▶ _TASK ITEM_
Please count how many lines below contain the word "Luxury" and give nothing but that figure.

▶ _RECORDS FOR THE TASK_
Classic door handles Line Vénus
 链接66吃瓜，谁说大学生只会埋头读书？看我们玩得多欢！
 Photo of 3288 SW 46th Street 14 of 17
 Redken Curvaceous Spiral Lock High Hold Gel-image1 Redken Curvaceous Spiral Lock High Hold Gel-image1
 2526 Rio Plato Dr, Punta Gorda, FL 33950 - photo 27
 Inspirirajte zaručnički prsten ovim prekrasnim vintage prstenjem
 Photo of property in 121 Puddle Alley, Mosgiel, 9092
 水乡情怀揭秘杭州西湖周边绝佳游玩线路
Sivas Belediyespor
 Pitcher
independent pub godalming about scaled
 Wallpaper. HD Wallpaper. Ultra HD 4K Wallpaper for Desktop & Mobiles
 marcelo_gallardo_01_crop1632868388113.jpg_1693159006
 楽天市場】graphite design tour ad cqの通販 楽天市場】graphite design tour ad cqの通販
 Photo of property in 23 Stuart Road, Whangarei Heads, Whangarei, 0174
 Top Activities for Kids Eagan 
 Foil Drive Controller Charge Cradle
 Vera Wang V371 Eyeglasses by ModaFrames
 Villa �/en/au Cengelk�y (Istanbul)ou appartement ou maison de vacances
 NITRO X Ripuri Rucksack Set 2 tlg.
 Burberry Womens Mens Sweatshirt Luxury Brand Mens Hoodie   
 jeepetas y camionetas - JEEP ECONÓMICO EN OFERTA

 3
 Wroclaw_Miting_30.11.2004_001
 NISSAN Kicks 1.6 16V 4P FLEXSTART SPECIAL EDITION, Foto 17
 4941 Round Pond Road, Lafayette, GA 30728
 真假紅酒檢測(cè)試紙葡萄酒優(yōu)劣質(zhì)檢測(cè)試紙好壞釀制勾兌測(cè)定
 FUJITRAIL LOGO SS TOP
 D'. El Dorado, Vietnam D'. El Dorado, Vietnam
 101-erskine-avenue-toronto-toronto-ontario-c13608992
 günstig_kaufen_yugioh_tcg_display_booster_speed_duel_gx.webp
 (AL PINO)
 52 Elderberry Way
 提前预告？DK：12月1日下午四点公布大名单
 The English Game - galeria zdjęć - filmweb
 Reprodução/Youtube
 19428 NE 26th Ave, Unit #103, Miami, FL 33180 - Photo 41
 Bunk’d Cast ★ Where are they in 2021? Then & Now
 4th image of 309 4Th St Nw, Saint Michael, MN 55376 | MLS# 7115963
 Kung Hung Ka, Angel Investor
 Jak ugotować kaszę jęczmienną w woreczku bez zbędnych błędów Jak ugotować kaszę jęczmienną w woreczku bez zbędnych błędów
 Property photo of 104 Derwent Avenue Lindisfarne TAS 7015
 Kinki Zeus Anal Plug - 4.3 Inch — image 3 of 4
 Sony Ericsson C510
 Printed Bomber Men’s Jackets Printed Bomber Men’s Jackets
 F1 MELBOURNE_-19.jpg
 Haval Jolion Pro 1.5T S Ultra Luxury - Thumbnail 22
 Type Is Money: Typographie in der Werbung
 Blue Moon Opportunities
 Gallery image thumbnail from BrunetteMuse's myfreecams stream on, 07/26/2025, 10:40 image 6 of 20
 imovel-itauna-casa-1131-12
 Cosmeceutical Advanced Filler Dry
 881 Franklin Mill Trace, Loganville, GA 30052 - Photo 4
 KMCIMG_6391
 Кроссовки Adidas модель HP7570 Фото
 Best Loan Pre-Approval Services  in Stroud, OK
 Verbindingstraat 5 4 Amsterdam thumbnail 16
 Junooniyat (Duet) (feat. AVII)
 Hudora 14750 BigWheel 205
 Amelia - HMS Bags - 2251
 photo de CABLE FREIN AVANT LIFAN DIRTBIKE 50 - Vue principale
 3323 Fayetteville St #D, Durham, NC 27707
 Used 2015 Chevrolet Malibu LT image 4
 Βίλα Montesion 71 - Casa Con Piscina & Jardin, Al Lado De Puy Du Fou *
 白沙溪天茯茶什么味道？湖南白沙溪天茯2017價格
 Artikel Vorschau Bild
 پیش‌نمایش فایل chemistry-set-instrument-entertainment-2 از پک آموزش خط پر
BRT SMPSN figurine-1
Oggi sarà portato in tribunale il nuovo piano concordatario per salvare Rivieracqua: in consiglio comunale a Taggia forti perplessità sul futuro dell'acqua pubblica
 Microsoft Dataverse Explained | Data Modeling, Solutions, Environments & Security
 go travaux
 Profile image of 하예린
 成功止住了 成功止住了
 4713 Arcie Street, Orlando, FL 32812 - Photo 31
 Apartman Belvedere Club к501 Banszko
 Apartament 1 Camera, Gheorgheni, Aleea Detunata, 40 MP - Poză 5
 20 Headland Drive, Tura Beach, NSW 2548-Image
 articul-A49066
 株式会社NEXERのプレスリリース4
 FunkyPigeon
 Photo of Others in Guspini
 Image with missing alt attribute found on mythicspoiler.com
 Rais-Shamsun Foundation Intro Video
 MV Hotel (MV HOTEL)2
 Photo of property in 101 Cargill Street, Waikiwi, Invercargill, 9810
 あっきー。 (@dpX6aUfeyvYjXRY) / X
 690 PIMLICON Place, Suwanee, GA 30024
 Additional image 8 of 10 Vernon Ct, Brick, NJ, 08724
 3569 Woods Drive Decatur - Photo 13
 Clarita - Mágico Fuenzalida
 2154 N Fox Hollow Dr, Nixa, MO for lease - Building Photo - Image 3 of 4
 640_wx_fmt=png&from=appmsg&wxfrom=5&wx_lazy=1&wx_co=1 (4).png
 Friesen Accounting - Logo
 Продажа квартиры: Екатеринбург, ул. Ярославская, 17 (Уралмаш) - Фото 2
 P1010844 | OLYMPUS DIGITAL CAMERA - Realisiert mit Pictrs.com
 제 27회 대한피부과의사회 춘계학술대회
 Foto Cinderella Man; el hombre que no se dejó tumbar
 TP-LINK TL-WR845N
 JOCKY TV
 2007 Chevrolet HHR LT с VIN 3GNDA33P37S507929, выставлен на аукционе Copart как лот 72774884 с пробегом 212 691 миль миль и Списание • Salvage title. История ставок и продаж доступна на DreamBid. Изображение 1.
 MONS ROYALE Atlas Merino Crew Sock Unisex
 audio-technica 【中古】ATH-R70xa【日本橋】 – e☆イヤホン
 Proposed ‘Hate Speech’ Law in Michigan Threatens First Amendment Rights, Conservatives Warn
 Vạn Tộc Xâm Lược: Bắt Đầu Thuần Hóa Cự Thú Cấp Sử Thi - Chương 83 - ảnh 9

▶ _EXERCISE ANSWER_
2